===== DATA TO USE =====
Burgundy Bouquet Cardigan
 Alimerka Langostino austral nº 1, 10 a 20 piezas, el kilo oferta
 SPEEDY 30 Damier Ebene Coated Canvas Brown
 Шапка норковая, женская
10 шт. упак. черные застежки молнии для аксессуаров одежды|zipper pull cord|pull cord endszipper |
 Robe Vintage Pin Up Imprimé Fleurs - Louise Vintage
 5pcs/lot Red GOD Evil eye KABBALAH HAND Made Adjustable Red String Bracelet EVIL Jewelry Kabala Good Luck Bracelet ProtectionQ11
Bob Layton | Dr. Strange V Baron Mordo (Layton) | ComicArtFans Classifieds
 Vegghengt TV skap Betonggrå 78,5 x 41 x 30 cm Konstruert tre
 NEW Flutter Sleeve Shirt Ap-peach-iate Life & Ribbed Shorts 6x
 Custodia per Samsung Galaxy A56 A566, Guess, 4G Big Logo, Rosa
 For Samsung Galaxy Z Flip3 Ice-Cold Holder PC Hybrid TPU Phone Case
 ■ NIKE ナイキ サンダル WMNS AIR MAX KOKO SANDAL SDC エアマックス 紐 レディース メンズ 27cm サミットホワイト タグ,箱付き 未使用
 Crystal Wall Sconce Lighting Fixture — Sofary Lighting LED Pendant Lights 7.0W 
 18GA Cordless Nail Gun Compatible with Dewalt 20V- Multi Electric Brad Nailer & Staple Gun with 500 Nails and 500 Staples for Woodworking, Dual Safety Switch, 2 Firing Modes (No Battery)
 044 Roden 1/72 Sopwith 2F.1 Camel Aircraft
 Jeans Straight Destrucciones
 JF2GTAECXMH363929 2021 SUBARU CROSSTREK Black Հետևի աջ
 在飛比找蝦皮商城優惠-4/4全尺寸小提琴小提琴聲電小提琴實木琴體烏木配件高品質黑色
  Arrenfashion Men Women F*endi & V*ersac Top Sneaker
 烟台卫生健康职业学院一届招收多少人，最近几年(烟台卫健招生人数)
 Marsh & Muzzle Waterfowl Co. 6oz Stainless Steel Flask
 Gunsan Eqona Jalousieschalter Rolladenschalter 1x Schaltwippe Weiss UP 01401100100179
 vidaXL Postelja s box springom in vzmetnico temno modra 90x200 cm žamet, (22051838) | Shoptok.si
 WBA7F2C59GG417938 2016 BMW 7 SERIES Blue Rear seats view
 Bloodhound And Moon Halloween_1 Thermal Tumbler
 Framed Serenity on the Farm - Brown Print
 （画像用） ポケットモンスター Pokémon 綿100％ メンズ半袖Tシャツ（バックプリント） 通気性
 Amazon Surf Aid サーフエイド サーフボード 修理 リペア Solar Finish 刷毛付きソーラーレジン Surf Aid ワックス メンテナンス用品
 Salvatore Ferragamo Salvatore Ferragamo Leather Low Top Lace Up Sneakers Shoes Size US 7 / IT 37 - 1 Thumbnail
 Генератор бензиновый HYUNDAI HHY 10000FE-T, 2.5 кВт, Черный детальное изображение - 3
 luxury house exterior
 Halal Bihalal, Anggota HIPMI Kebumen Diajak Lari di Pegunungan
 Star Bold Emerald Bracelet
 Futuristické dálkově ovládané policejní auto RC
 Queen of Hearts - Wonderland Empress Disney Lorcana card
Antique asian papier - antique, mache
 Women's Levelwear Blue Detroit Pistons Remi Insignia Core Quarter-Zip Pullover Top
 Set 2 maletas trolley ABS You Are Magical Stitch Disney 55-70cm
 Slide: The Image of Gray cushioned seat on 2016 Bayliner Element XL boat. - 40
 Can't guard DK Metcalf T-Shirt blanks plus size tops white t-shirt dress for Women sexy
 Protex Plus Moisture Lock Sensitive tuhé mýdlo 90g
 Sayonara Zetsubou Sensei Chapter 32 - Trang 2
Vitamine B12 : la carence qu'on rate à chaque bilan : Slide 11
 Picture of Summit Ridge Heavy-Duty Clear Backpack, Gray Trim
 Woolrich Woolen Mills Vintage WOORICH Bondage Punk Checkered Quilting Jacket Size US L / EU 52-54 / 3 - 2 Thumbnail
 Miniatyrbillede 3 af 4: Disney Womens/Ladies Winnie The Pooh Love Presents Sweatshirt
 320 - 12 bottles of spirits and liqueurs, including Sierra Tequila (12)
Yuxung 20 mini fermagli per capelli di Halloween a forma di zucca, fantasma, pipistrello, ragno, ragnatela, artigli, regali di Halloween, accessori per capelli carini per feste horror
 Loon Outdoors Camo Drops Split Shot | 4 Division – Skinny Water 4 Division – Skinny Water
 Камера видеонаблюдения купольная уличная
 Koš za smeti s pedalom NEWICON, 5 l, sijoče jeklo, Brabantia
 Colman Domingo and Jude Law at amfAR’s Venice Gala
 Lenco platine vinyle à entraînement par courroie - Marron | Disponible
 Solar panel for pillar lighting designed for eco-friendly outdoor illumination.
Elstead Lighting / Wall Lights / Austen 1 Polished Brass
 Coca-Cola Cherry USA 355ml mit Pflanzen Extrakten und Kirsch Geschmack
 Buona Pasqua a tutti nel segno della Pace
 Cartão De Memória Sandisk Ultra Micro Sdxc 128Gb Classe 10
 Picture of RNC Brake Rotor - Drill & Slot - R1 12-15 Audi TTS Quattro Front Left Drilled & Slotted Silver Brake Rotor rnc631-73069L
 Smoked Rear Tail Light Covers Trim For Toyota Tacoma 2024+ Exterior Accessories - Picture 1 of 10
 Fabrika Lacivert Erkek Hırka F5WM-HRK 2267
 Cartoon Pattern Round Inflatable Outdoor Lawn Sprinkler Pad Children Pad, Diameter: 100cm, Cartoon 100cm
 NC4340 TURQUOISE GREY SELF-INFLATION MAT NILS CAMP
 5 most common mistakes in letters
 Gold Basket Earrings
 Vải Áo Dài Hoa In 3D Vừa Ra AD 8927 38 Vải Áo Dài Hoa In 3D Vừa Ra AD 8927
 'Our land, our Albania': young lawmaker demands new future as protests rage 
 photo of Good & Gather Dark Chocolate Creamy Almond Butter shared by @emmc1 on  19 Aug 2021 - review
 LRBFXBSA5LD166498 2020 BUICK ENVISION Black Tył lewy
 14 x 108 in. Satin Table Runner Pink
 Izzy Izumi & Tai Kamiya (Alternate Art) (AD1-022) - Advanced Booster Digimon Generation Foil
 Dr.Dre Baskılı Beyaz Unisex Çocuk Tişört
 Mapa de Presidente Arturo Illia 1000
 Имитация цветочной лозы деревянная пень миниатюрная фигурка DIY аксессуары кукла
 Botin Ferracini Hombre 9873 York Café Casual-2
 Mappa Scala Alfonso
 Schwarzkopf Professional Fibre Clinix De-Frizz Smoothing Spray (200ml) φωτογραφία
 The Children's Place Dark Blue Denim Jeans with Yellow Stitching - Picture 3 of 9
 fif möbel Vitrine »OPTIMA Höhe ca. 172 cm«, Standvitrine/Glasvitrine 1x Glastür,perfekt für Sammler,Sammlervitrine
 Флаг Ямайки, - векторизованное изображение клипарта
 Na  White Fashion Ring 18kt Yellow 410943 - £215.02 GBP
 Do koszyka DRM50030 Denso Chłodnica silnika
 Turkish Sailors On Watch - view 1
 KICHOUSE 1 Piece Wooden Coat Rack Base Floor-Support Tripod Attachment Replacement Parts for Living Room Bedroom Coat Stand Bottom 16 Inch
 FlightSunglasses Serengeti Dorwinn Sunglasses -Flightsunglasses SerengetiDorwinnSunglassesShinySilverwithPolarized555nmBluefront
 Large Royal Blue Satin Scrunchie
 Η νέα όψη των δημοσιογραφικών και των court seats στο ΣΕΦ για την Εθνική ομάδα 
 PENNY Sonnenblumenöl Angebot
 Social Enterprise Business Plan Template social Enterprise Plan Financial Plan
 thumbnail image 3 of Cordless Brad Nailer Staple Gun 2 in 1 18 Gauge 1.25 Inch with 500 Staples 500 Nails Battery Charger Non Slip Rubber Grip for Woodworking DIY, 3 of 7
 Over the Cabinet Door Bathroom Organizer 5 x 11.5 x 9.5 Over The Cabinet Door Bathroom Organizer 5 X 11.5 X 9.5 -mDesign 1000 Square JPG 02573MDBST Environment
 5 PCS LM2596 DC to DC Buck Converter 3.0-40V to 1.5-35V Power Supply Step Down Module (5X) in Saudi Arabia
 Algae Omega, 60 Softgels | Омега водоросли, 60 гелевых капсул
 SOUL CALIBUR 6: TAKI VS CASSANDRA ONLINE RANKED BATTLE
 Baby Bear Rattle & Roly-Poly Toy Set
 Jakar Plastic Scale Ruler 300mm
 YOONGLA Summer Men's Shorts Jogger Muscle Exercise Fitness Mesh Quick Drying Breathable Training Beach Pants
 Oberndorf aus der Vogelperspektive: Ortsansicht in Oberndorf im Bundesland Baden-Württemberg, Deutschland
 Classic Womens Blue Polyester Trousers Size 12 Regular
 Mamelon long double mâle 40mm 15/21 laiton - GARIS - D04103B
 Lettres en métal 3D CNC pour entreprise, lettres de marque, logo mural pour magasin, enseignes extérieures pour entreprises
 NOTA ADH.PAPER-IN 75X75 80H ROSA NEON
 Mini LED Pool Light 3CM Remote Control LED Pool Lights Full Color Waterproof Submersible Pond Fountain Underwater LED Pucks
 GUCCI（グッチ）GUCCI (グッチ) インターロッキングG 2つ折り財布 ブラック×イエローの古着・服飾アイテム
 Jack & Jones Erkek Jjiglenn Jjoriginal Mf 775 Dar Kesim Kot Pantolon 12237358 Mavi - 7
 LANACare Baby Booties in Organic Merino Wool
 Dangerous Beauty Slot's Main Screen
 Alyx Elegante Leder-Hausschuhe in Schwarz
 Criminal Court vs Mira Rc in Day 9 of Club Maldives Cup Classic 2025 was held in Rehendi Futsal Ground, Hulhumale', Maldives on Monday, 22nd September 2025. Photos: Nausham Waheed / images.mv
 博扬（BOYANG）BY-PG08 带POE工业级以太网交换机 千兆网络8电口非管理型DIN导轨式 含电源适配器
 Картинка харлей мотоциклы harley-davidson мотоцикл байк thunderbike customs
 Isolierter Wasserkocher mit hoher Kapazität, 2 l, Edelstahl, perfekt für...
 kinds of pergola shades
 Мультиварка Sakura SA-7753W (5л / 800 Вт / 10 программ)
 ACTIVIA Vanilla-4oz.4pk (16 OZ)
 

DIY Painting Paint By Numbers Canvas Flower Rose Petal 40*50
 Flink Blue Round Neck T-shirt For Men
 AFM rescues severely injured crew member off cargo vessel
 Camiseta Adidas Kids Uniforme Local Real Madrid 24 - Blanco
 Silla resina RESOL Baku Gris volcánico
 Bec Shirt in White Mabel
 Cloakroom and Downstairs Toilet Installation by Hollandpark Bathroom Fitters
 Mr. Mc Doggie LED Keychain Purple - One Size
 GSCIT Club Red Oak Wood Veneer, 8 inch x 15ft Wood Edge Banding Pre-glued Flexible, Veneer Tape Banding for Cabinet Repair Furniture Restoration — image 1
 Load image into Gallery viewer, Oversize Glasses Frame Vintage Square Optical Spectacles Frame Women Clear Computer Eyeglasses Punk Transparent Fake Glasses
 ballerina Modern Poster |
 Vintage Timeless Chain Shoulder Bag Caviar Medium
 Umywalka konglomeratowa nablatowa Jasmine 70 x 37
=====
Output the lines above between the one holding "Classic Womens Blue" and the one holding "NOTA ADH.PAPER-IN 75X75 80H ROSA NEON", inclusive, with nothing before or after them.

> [ANSWER BELOW]
 Classic Womens Blue Polyester Trousers Size 12 Regular
 Mamelon long double mâle 40mm 15/21 laiton - GARIS - D04103B
 Lettres en métal 3D CNC pour entreprise, lettres de marque, logo mural pour magasin, enseignes extérieures pour entreprises
 NOTA ADH.PAPER-IN 75X75 80H ROSA NEON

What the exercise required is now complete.